Era meio canto de noite, madrugada fria, sem ter-que-fazer, não fedia nem cheirava, não dormia nem levantava. Mas tava lá. Resolvi ir até o banheiro. Não sem antes dar uma olhadela de rabo-de-olho pela janela do quarto.
Acabei dando mais que uma simples olhadela.
Eram os aerólitos. Eu nunca tinha visto antes. Ouvi falar no jornal que ia dar, mas nem prestei muita atenção na hora. Mas né, já que tava em pé mesmo, sem sono de tudo, resolvi me debruçar na janela e ficar lá, à toa, olhando, como quem assiste a um realismo fantástico.
Aqueles pedaços de pedras espaciais cortavam o céu como se fossem atravessar o chão. Caíam, caíam, nem rápido, nem devagar. Só caíam, tombando da obscuridade sideral das galáxias sem fim até tocar o céu, o mar, a terra.
Comecei a maquinar umas idéias de querer ir para o espaço. Queria ser como Neil Armstrong, dar o tal "passo gigantesco para a humanidade", pra ver de perto, pertinho, de camarote, esse espetáculo dos aerólitos. De onde será que vinham? Será que traziam presentes dos céus, pedras preciosas, ou a cura de todos os males? Será que traziam segredos ocultos ao coração do homem?

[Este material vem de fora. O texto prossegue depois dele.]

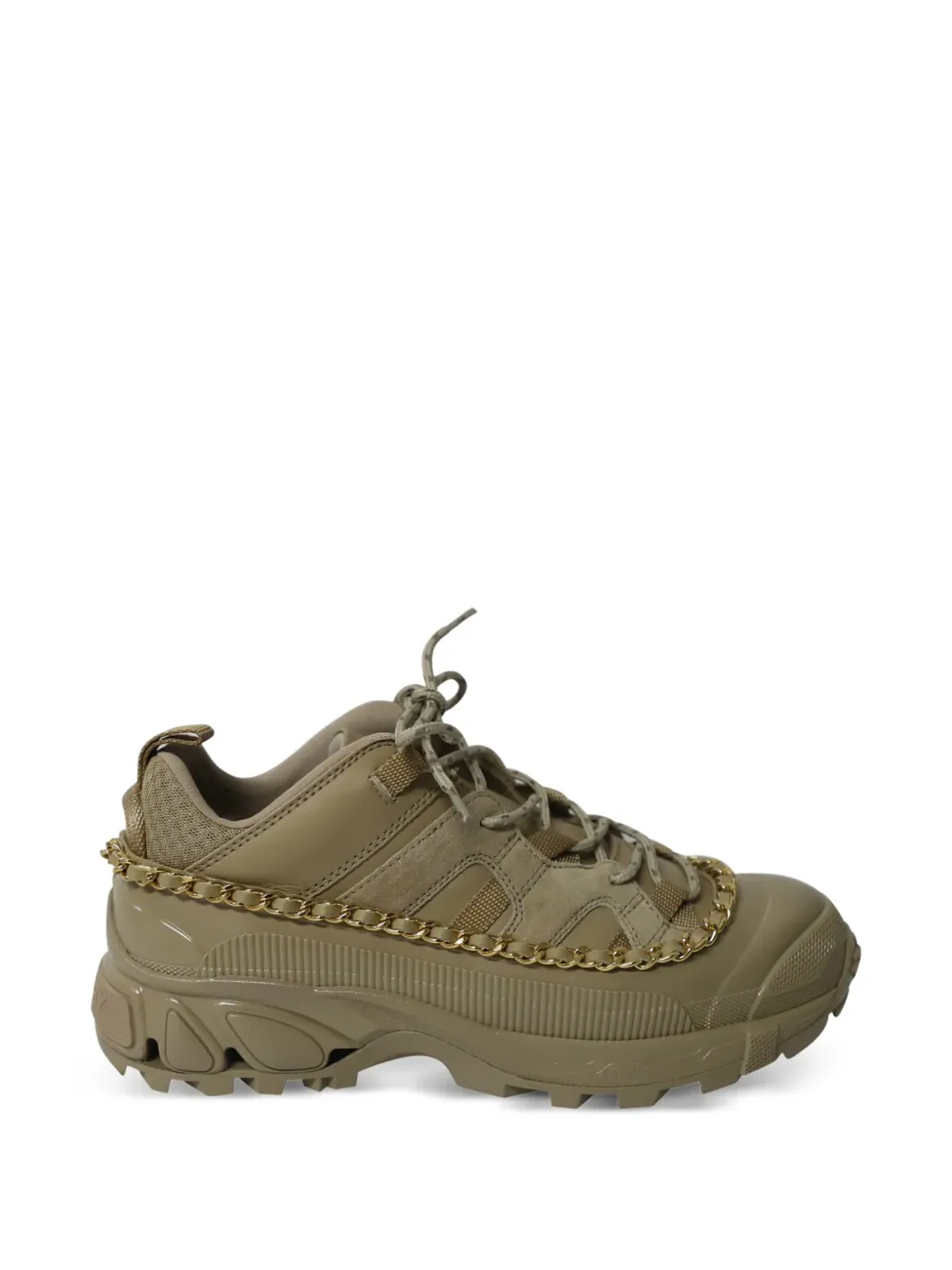 Burberry Pre-Owned アーサー レザー スニーカー - 画像1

Como toda a sua graciosa aerodinâmica, rasgavam o céu numa delicadeza inexplicável, numa intangibilidade impressionante. E caíam. E aterrisavam. E morriam no solo, virando pedregulhos comuns. E foi aí que me botei a pensar na vida, como se pescasse no ar idéias loucas.

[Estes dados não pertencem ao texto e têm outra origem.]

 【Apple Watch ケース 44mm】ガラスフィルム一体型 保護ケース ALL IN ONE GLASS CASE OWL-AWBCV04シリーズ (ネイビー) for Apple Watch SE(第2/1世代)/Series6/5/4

E a vida é mesmo assim: todos a atravessamos, mas nos juntamos ao pó e ao solo ao fim dessa travessia. Entretanto, poucos se fazem notáveis como os aerólitos, perdendo a capacidade de brilhar e iluminar a escuridão que os envolve, e a oportunidade de fazer a diferença, mesmo não sendo grandes astros celestes. Talvez por medo de voar, ou de se estraçalharem pelo caminho, ou de serem ofuscados pelas estrelas, que dominam o céu há mais tempo. E a covardia os impede de encher os olhos de pessoas que não têm nada de bonito para ver, ou de trazer alguma beleza para a rotina celeste.

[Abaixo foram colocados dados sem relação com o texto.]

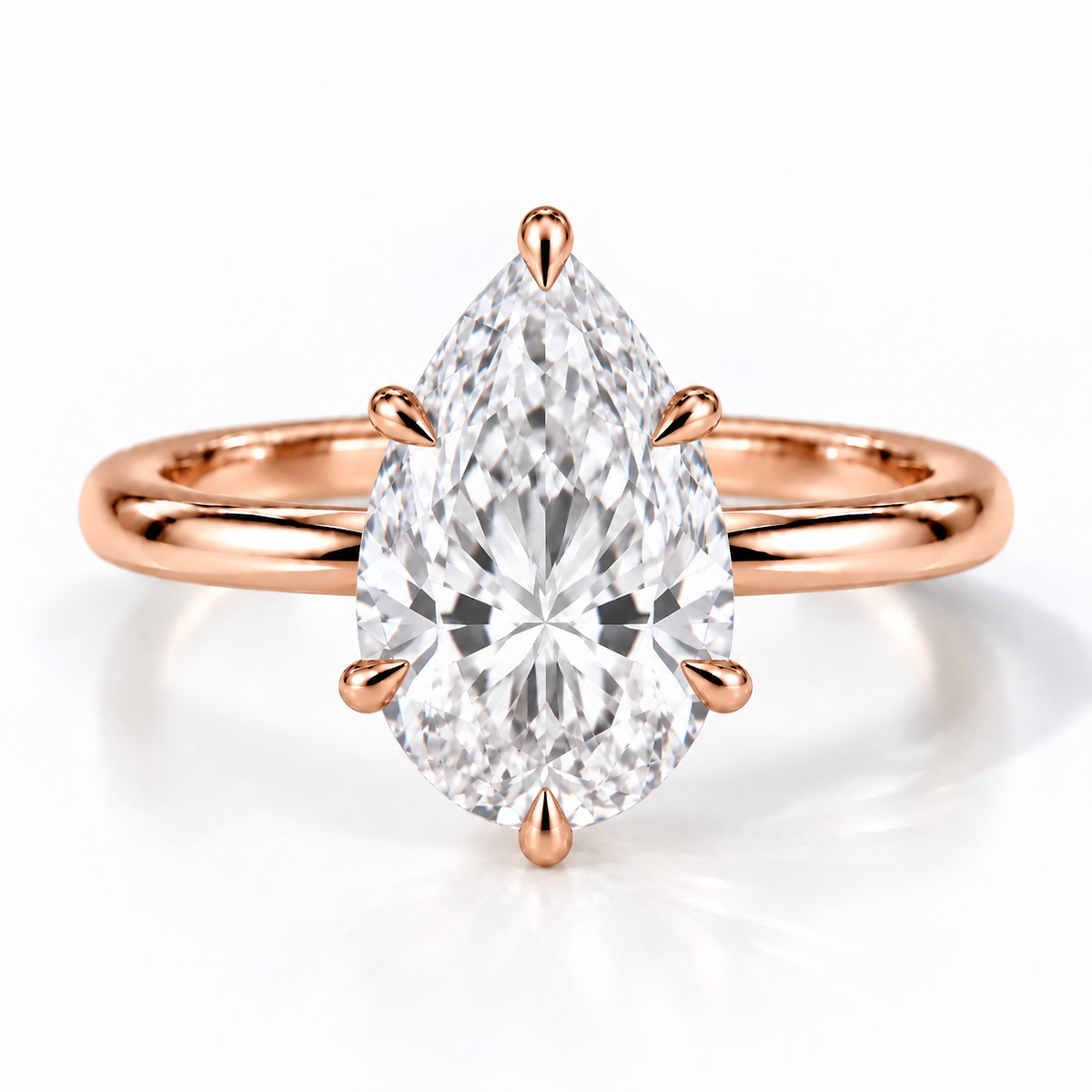 Mara – Tropfen Cathedral mit Hidden Halo Verlobungsring | Labordiamant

Isso me levou a querer ser como os aerólitos, que transformam o céu por onde passam, sem medo de voar, sem pensar na colisão que finda suas siderais jornadas. Eles apenas prosseguem para o alvo, deslizando pelos ares e marcando algo novo e diferente na vida das pessoas, coisa que nós, terráqueos, tardamos a aprender (ou nunca aprendemos).
Voltei para a cama. Os aerólitos já me deram inspiração suficiente para voltar a sonhar e começar um novo dia.